WHAT IS BEING ASKED: Please repeat exactly the lines from the one containing "Kommunikationshandbok Som medarbetare" through the last line of the records, both included, and nothing else, leaving out any pictures.

################

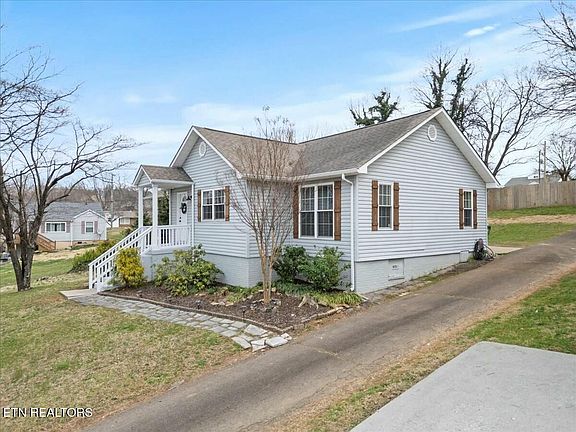 3rd image of 1416 Wales Ave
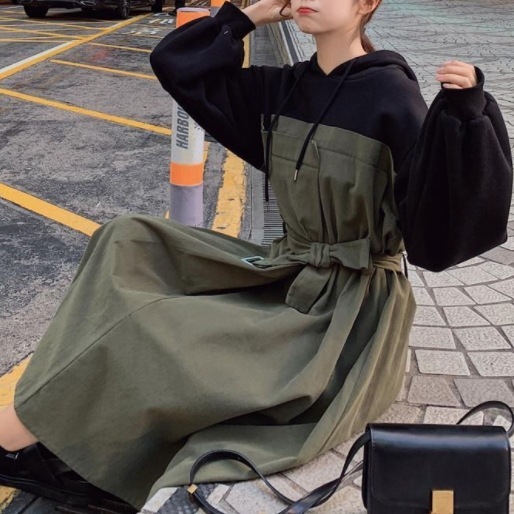 【人気上昇中】 大人可愛い 配色 切り替えフード付き デートワンピース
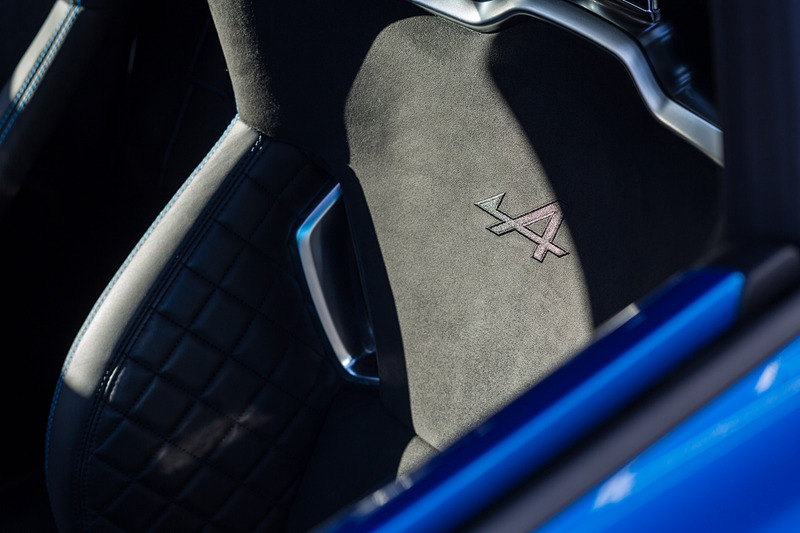 インテリアではなめらかな天然皮革を採用するとともに、車体を形作るアルミニウム、カーボンファイバーといった最高品質の素材を用いた。サベルト製スポーツシートも印象的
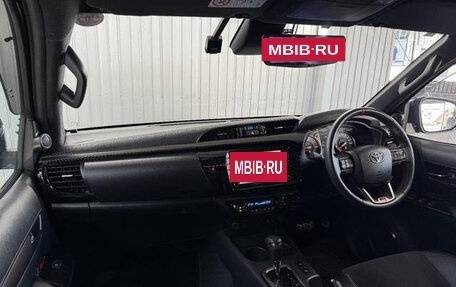 Toyota Hilux VIII, 2024 год, 4 500 000 рублей, 26 фотография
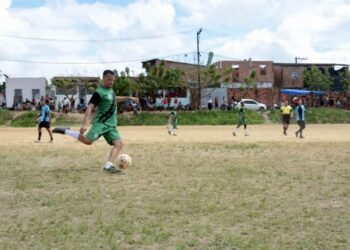Copa de Futebol Binho do Quilombo realiza duas partidas neste domingo (13); confira – Prefeitura de Simões Filho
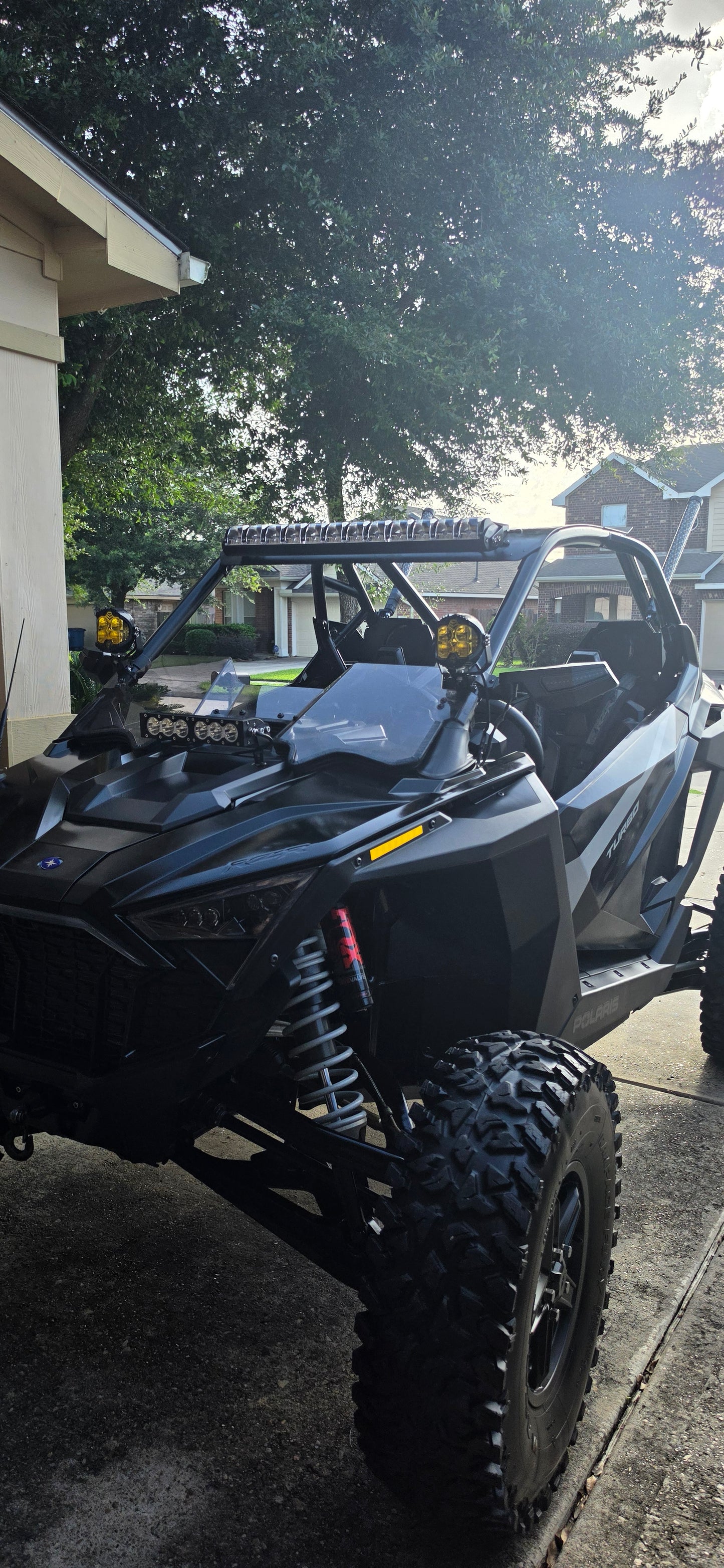 Bracket mounts for 2020+ Polaris RZR Pro XP, Turbo R, and Pro S ICONIK SPECTRA 32" 390W RGB LED Dimmable Light Bar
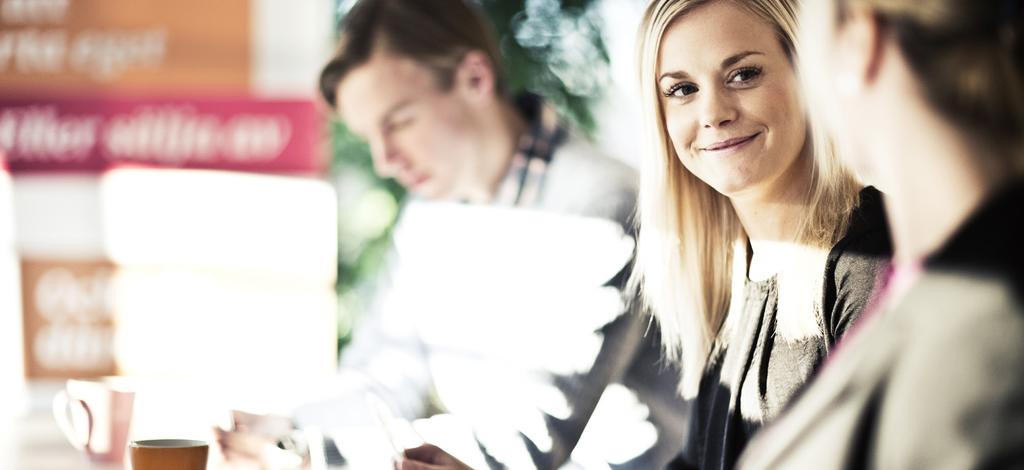 Kommunikationshandbok Som medarbetare på Mittuniversitetet kommunicerar du varje dag med studenter, kollegor, samarbetspartners och andra.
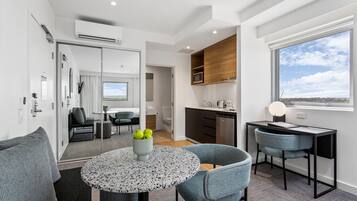 Premium bedding, Select Comfort beds, in-room safe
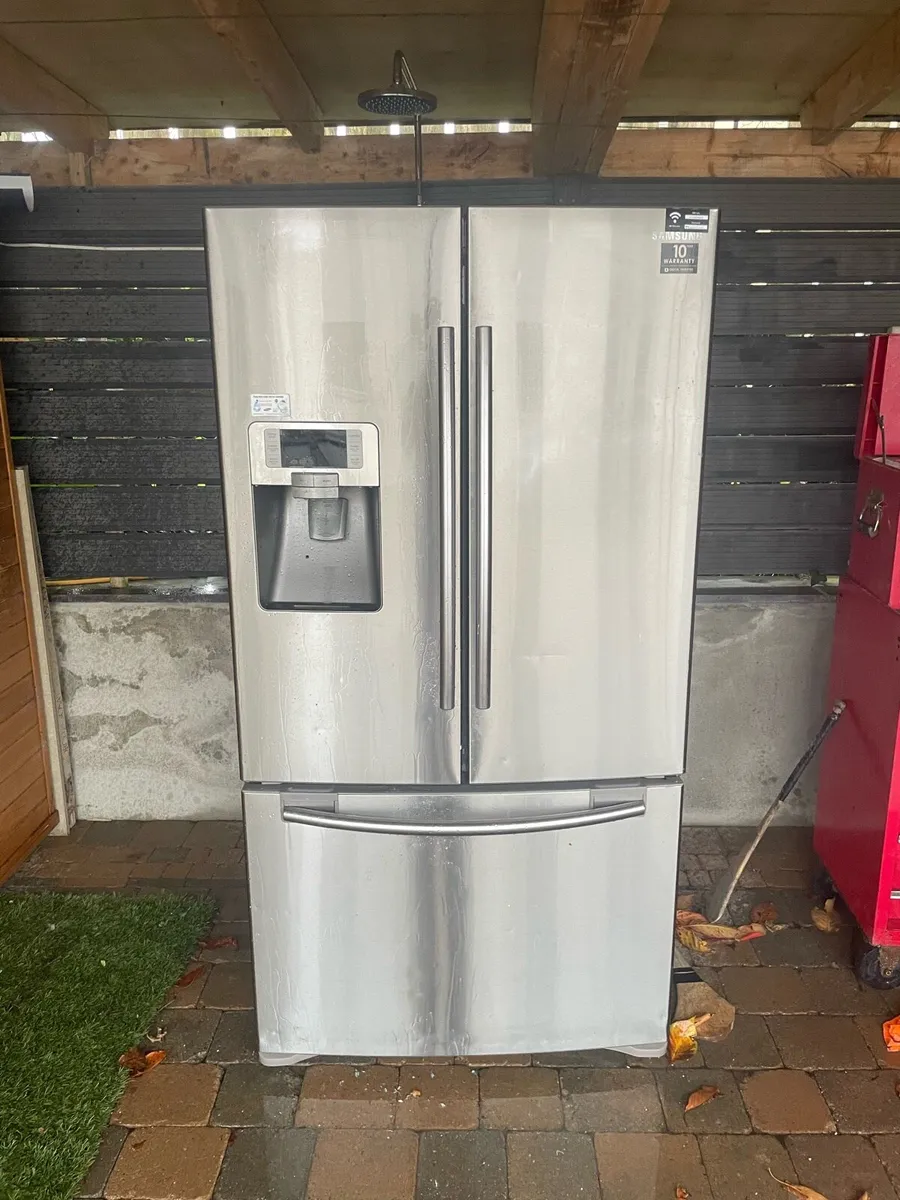 Fridge freezer - Image 1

################

OUTPUT FOR THIS EXERCISE:
 Kommunikationshandbok Som medarbetare på Mittuniversitetet kommunicerar du varje dag med studenter, kollegor, samarbetspartners och andra.
 Premium bedding, Select Comfort beds, in-room safe
 Fridge freezer - Image 1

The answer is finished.